Nell'atmosfera fosca e violenta che caratterizza l'inizio della Tebaide, il regno di A. si presenta come un'oasi di pace (" Rex ibi tranquille, medio de limite vitae / in senium vergens, populos Adrastus habebat ", Theb. I 390-391). Ma nel segreto del suo cuore il re è angustiato da un responso dell'oracolo, che ha predetto come sposi alle sue due figlie, Argia e Deipile (o Deifile: cfr. Pg XXII 110 Deifile e Argia) un leone e un cinghiale. Polinice, esule dalla patria, allo scadere dell'anno in cui il regno spetta al fratello Eteocle, è spinto da un'aspra tempesta a rifugiarsi nel cortile del palazzo di A.; ivi sopraggiunge, nella medesima notte tempestosa, Tideo, fuggito da Calidone per essersi macchiato di un omicidio. Nessuno dei due vuol dividere con l'altro il suo posto, sicché vengono alle mani, e stanno per estrarre le spade, quando A. interviene, li convince a deporre l'ira e con gesto cortese li fa entrare, come ospiti, nel palazzo. Solo allora A. si accorge che Polinice è coperto di una pelle di leone e Tideo di una pelle di cinghiale: sta per compiersi, e felicemente, il pauroso oracolo.

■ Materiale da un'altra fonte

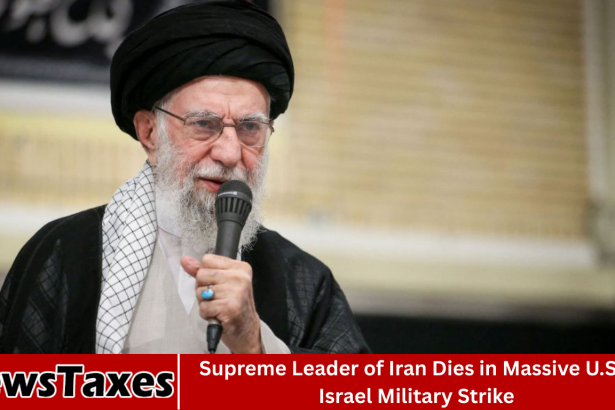 Supreme Leader of Iran Dies in Massive U.S.–Israel Military Strike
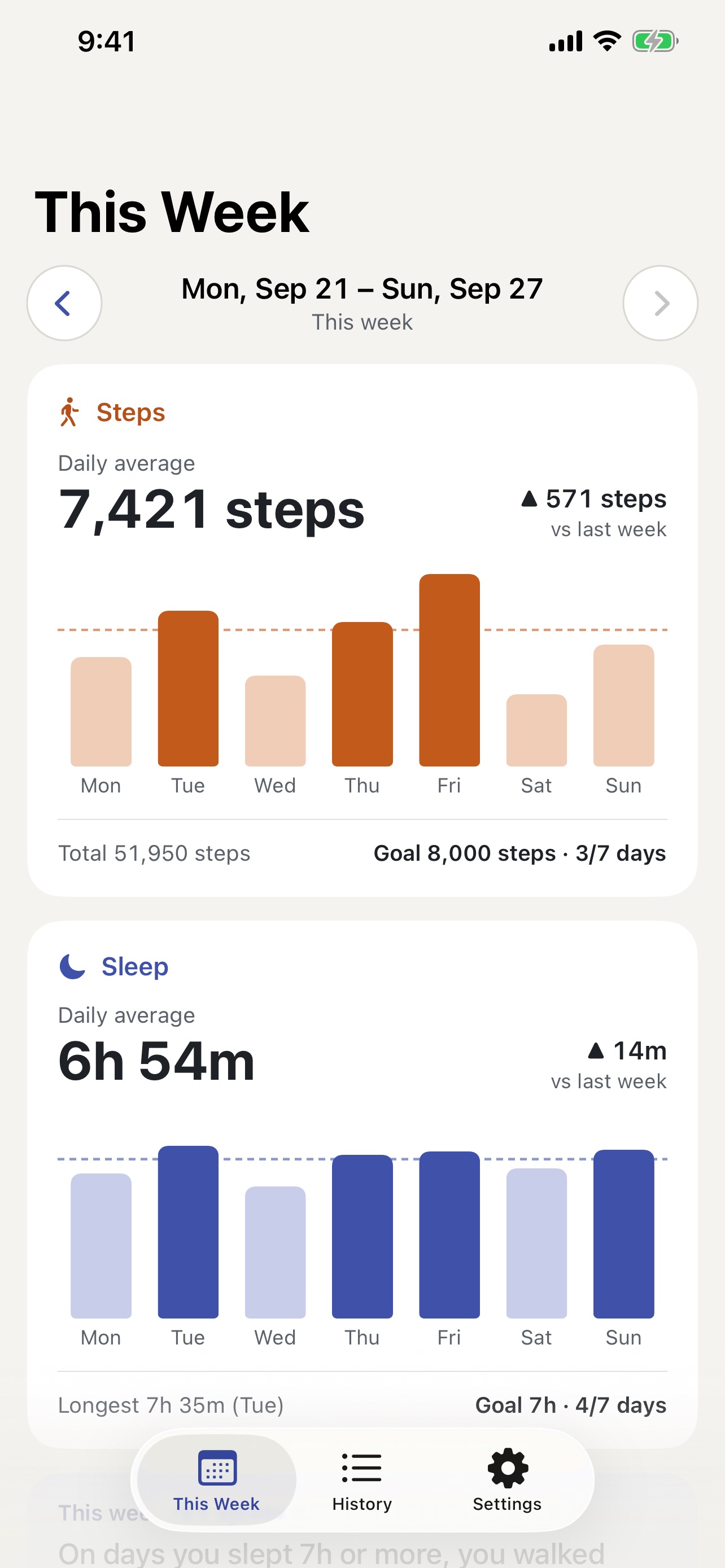 Screenshot 1 of MyStepSleep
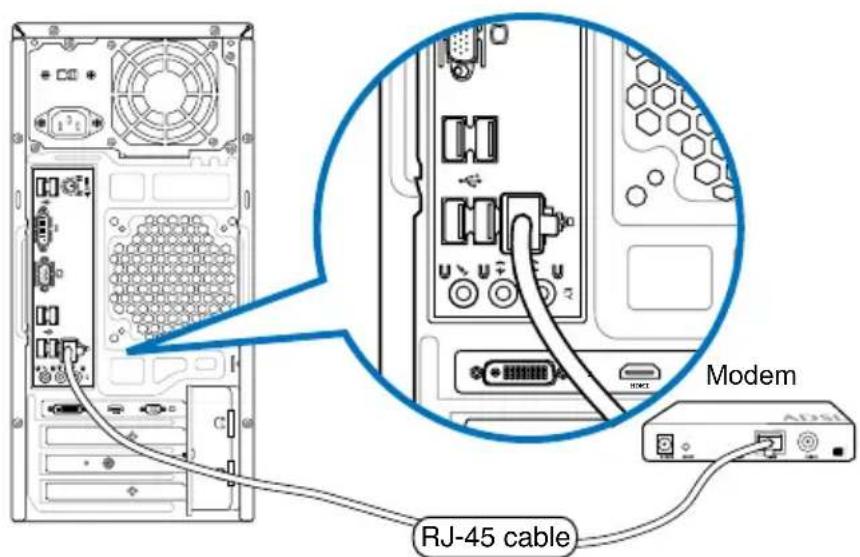 ASUS CM6331 - Connecting via a DSL/cable modem - 2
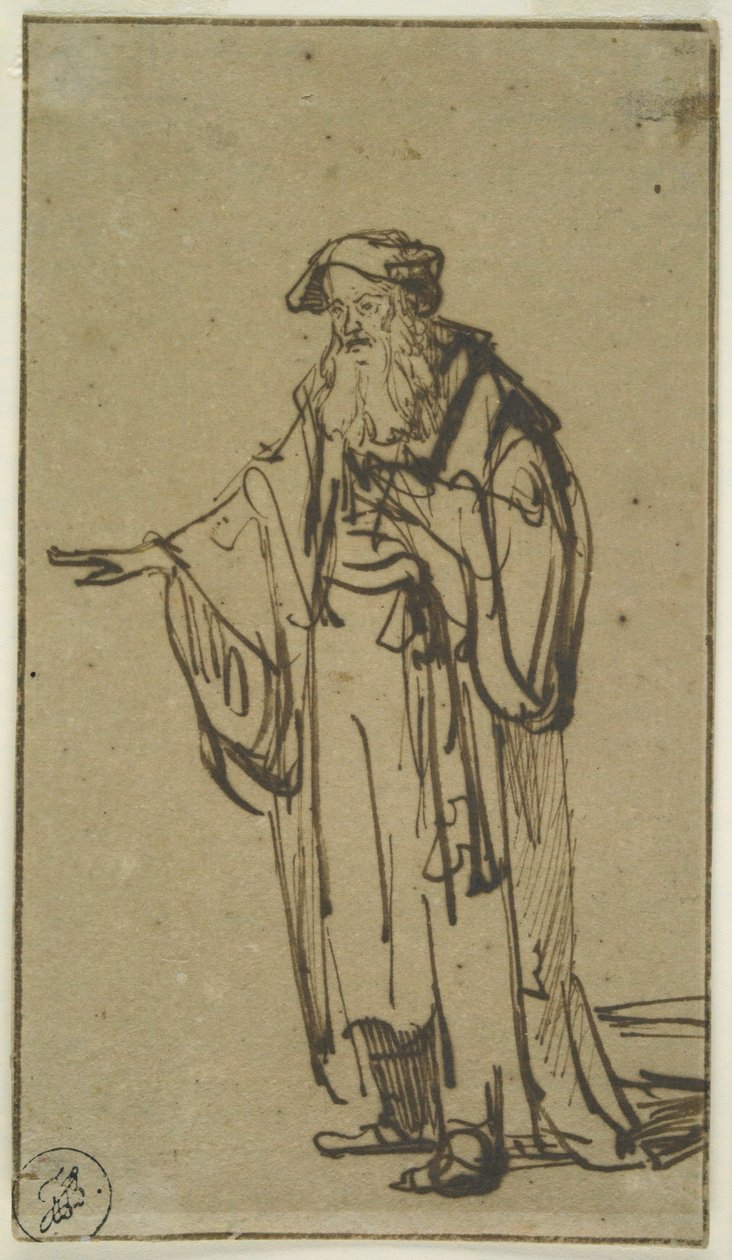 Vieil homme debout - Rembrandt van Rijn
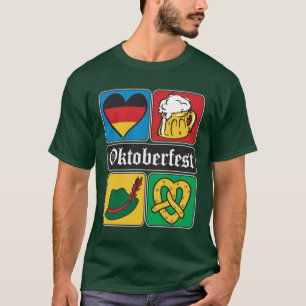 Oktoberfest German Icons T-Shirt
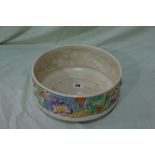 A Clarice Cliff Design Moulded Pottery Circular Fruit Bowl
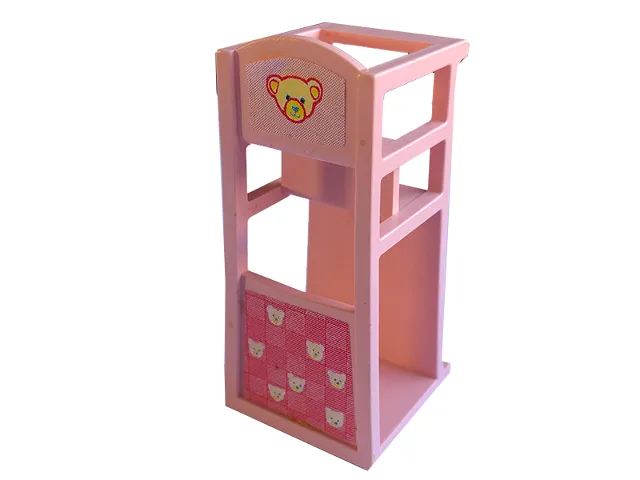 Scala Chair - Baby Highchair with Bears and Balloons Pattern (Stickers) - Set 3243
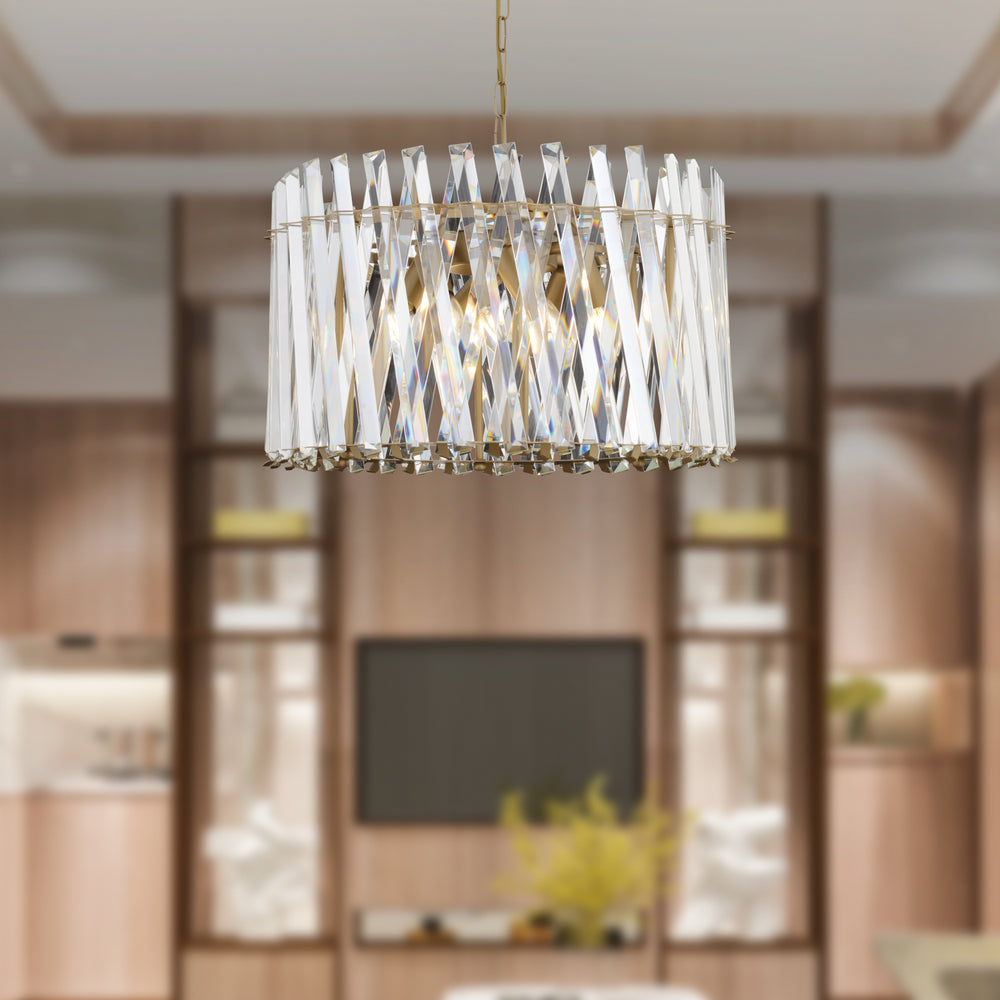 Lustra Cristal HubRom, SAUCER 3963-50-FR 50x96 cm 6xE14-40W Antiq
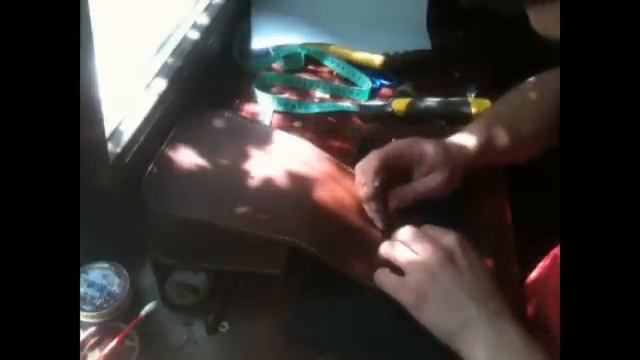 Кожаная сумка своими руками (часть2) handmade leather bag смотреть онлайн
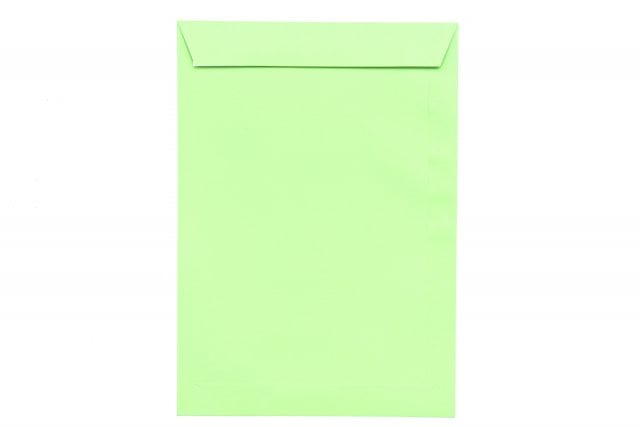 Sobres DIN C4 adhesivos, verde claro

Al racconto di Stazio ricorre D. nel Convivio per illustrare con esempi le tre diverse passioni della vergogna: cioè stupore, pudore e verecondia. Lo stupore è definito come uno stordimento d'animo per grandi e maravigliose cose vedere o udire o per alcuno modo sentire... E però dice Stazio, lo dolce poeta, nel primo de la Tebana Istoria, che quando Adrasto, rege de li Argi, vide Polinice coverto d'un cuoio di leone, e vide Tideo coverto d'un cuoio di porco selvatico, e ricordossi del risponso che Apollo dato avea per le sue figlie, che esso divenne stupido; e però più reverente e più disideroso di sapere (Cv IV XXV 5-6). Lo stupore di A. è descritto espressamente da Stazio (Theb. I 490-492 " stupet omine tanto / defixus senior, divina oracula Phoebi / agnoscens... "); la reverenza e il desiderio di sapere, che D. considera necessarie conseguenze e complementi dello stupore, si ricavano dal successivo comportamento di A., che dopo un breve silenzio alza le palme al cielo e volge una preghiera alla Notte che lo ha rischiarato, sciogliendolo dall'angosciosa perplessità (I 497 ss.) e più tardi volge domande ai suoi ospiti, specialmente a Polinice (I 671-672).
La figura di A. ricorre anche, pur non direttamente, a proposito delle altre due passioni. Il pudore infatti è illustrato dal comportamento delle figlie, Argia e Deifile, che la nutrice Aceste per ordine di lui ha condotto dinanzi da li occhi del santo padre ne la presenza de li due peregrini: esse si fanno pallide e rosse, e i loro occhi, sfuggendo ogni altro sguardo, si affisano solo ne la paterna faccia, quasi come sicuri (Cv IV XXV 8: cfr. Theb. I 537-539 " pallorque ruborque / purpureas hausere genas, oculique verentes / ad sanctum rediere patrem "). Esempio di verecondia è dato da Polinice che, domandato da Adrasto rege del suo essere (Cv IV XXV 10), esita a rispondere e poi nella risposta tace il nome del padre, Edipo, per vergogna dei fatti che il suo nome ricorda (v. ARGIA; DEIFILE; POLINICE).